複数の分子やイオンが自律的に集合することで一定の秩序をもった構造が形成される現象を自己集合(Self-assembly)と呼び、自然界においては酵素やウイルスなどが非常に複雑な秩序構造を自発的につくることで機能しています。このような現象の礎となるのが可逆的に形成される分子間相互作用ですが、水素結合や金属配位、ファンデルワールス相互作用など多様な相互作用の発現をうまくデザインしてやることで、人工的に巨大な構造体を「合成」することも可能となります。
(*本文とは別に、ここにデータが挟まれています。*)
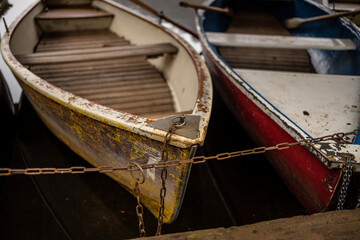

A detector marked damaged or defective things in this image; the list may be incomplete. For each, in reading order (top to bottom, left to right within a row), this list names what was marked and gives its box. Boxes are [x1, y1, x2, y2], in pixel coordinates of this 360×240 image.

rusty chain [0, 128, 358, 177]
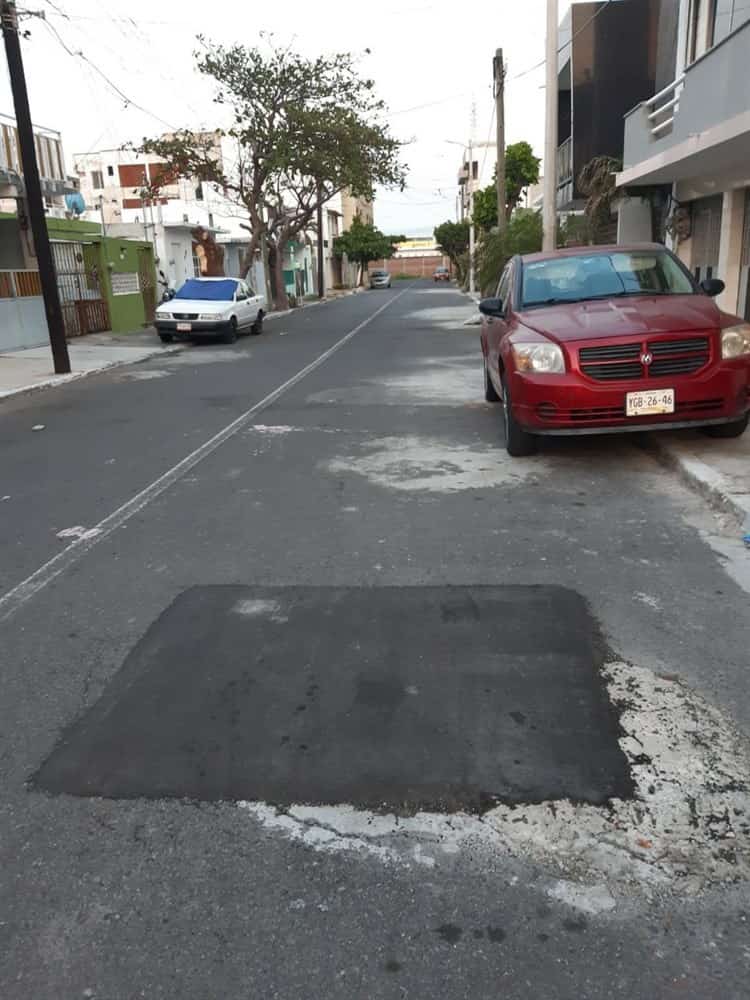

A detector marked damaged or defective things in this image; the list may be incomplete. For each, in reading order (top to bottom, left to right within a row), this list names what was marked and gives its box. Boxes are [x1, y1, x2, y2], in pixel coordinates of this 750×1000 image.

road repair patch [32, 584, 632, 812]
fresh asphalt patch [35, 584, 636, 812]
cracked asphalt [1, 282, 750, 1000]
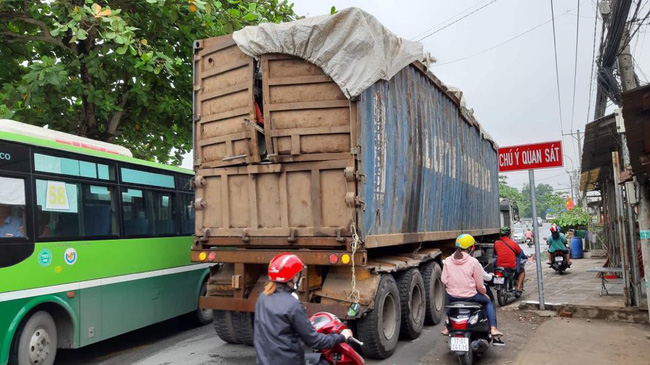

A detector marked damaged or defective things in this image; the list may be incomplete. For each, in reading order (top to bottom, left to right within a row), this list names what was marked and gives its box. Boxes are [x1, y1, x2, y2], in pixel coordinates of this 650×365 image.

rusty truck container [190, 12, 498, 358]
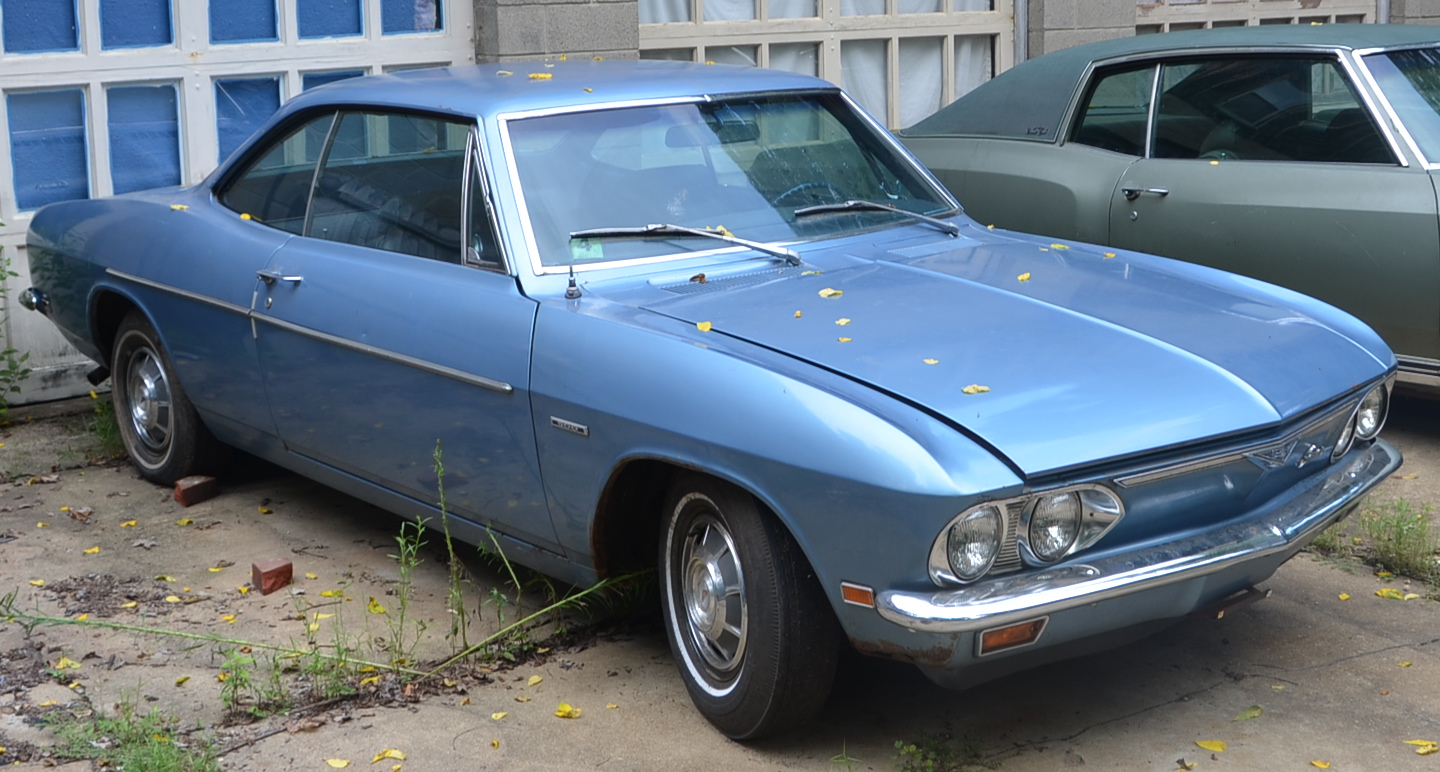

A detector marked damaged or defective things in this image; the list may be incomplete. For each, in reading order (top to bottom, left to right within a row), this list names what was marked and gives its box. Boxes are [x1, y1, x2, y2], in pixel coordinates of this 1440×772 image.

cracked windshield [506, 92, 956, 268]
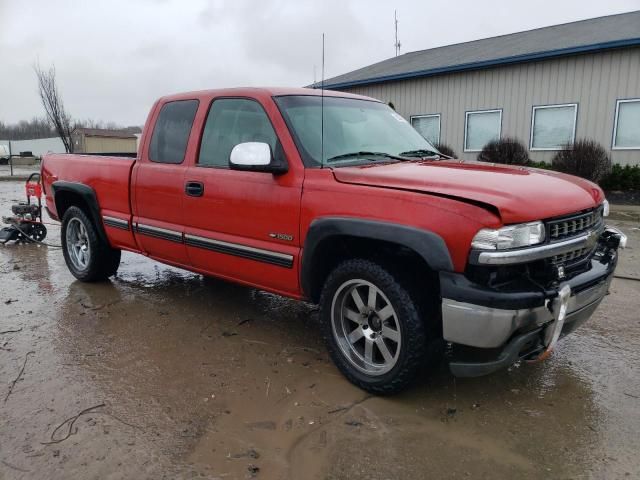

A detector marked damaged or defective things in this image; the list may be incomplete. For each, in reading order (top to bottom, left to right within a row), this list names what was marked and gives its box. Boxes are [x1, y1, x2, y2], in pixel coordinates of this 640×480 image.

front bumper damage [440, 227, 624, 376]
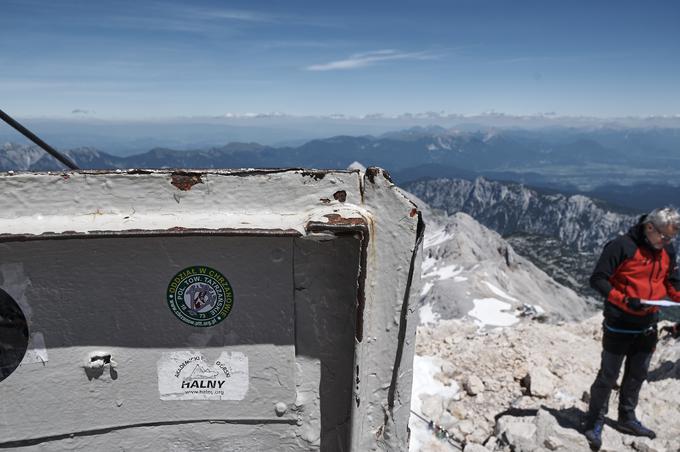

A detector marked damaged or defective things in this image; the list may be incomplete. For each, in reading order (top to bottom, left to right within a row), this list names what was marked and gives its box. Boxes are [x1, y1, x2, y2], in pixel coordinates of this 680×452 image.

dark rust patch [169, 170, 202, 190]
rust stain on metal [170, 170, 202, 190]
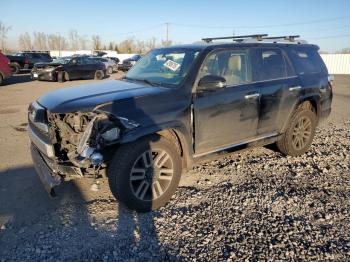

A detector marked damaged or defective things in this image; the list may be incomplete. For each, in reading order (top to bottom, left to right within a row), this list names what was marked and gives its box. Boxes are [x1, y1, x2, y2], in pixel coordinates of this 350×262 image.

crumpled hood [37, 79, 169, 113]
damaged front end [28, 103, 139, 196]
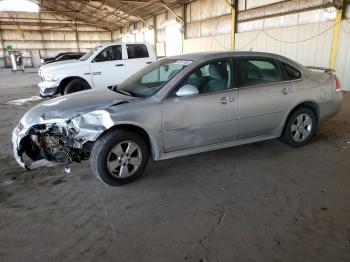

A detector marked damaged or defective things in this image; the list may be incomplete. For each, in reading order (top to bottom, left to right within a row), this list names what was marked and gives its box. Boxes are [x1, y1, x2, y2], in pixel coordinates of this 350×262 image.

detached front bumper [38, 81, 58, 97]
crumpled hood [19, 87, 137, 127]
detached front bumper [11, 126, 27, 170]
damaged front end [11, 119, 91, 173]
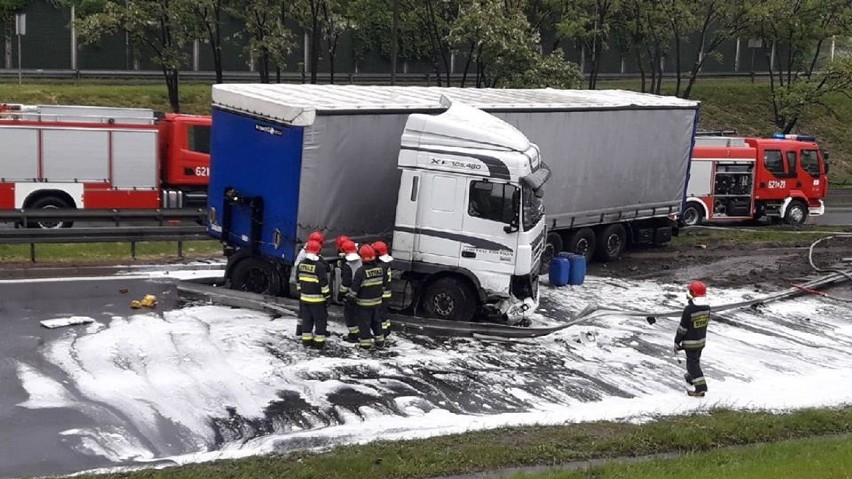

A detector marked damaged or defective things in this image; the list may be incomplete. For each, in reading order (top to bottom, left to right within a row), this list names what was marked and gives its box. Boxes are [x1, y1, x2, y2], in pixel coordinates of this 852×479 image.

damaged truck cab [209, 86, 548, 326]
私たちは特に、炭素−炭素三重結合からなるアルキンと銀や銅といった金属イオンの形成する配位結合に着目しています。この結合は単独ではあまり強固ではありませんが、他の複数の結合と共に働き独自の構造をつくる柔軟性を秘めていることを見出し、この特性を活用した未踏分子構造の構築を可能としました。例えば図に示した分子群も有機配位子と銀塩を溶液中、適切な条件下で混ぜるだけで構築することができます。その直径は最大で5 nm、分子量は2万近くあり、タンパク質に比肩するサイズと極めて複雑な分子構造を有していますが、SPring-8の放射光X線を利用した回折測定や溶液・表面解析を駆使して構造決定を行いました。さらに、さまざまな複雑分子構造を実現することで、精緻な生体システムに学んだ高機能材料や、従来誰も想像し得なかったような新物質群の創出を目指しています。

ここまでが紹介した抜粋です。